AWS Serverless - Feature Flags

Background of this project

Lately, I was implementing a feature flags functionality to enable us selectively deliver new features to users. Also, the whole system uses AWS serverless architecture, including API Gateway, Lambda, and DynamoDB.

I assume you are familiar with API Gateway custom authroiser and DynamoDB.

There are many options you can implement feature flags, we explore two approaches in this article and compare them.

Solutions

We have two approaches to implementing feature flags. Let's start with the easiest one.

1. Retrieve and verify in custom authroiser

The simplest solution is, we retrieve and verify the user's feature flags in the custom authroiser. With this approach, each time a user access an API, we validate the request with the latest feature flags. That means when we turn on a feature flag for a user, that user can access the new feature instantly.

The architecture as follows:
ff-general

Pros:

  • Turning off/on feature flags always reflects instantly.
  • The implementation is straight-forward.

Cons:

  • Adding an extra latency in the custom authroiser to retrieve feature flags.
  • The latency in custom authroiser impacts all APIs.

2. Retrieve from JWT and verify in customer authroiser

Wicked! This is the most interesting part. In order to overcome the extra latency in the customer authoriser, we embed the feature flags in JWT which users got when they logged in. When a user access an API, we validate the feature flags in JWT. By doing so, we only need to retrieve the feature flags from the database when a user login. That means we remove the extra latency in the custom authoriser. But, the disadvantage is if we turn on/off a feature flag and want it to take effect immediately, we need to invalidate the JWT of the user.

The architecture as follows:
ff-with-jwt
Pros:

  • No extra latency in the custom authroiser.
  • Less performance overhead.

Cons:

  • The implementation is slightly complicated since you need to invalidate the JWT of a user when you want to refresh the feature flags.
  • Turning off/on feature flags doesn't reflect directly. However, the user must log in again and get the new JWT.

Database Design

We use DynamoDB as our database to store feature flags. Below is the schema of the FeatureFlags DynamoDB table.

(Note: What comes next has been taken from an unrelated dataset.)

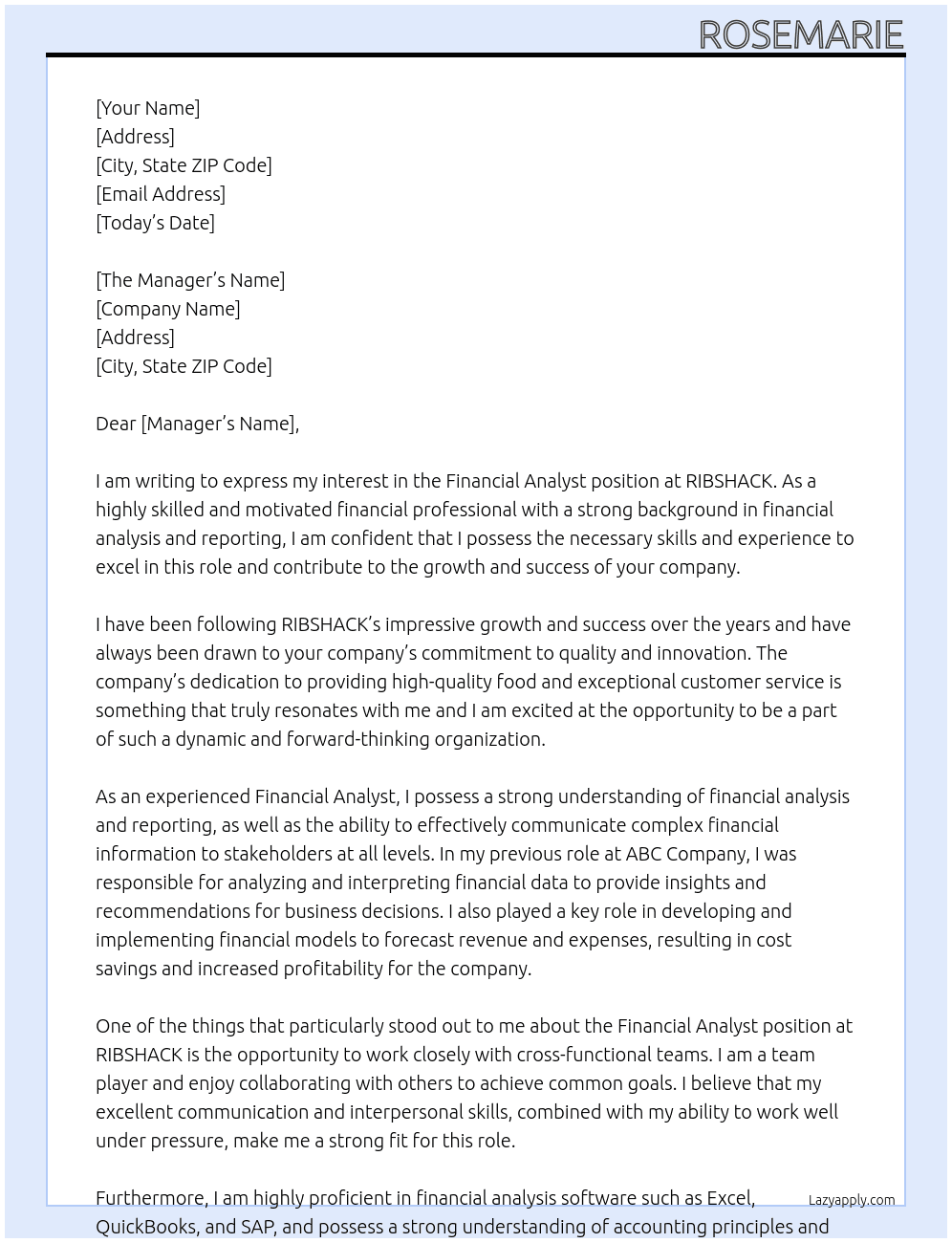 Financial Analyst At RIBSHACK Cover Letter
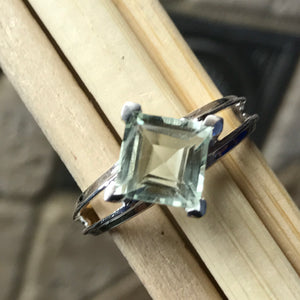 Natural 1.5ct Green Amethyst 925 Solid Sterling Silver Engagement Ring Size 6, 7, 9 - Natural Rocks by Kala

user_id (PK) feature_flag(SK) is_enabled updated_at created_at
system_global_admin new_feature_A false 1687882000 1687882000
user_A new_feature_A true 1687882010 1687882010

The above table contains two feature flags. The one with system_global_admin is a global feature flag, this feature flag is applied to all the users by default. The one with user_A is a user-specific feature flag. The a user-specific feature flag has higher priority.

In this article, we use a dedicated table for feature flags. However, it is a good practice to store your feature flags with other data you need. You can read through The What, Why, and When of Single-Table Design with DynamoDB to find out more detail.

API Design

You probably want to create an API for the frontend to retrieve feature flags. This API should combine the global feature flags and user-specific feature flags in one response.

In the following example, if a user user_A has a feature flag:

{
  "new_feature_A": true
}

and we have two global feature flags:

{
  "new_feature_A": false,
  "new_feature_B": false
}

the API of retrieving user_A feature flags should return the following response:

{
  "new_feature_A": true,
  "new_feature_B": false
}

That means we can toggle feature flags with the global scope or per-user scope!

Conclusion

In the early stage, it should be fine to go with the first solution. You implement the straightforward solution and get the benefit of feature flags as soon as possible. However, if you want to reduce the latency, it's worth looking into the second solution.

Embedding feature flags in JWT is an inspiring idea for me. We use the nature of JWT to carry the information we want. Hope this inspires you as well.

The feature flags can include two scopes: global and user-specific. This can give you more control over the whole system.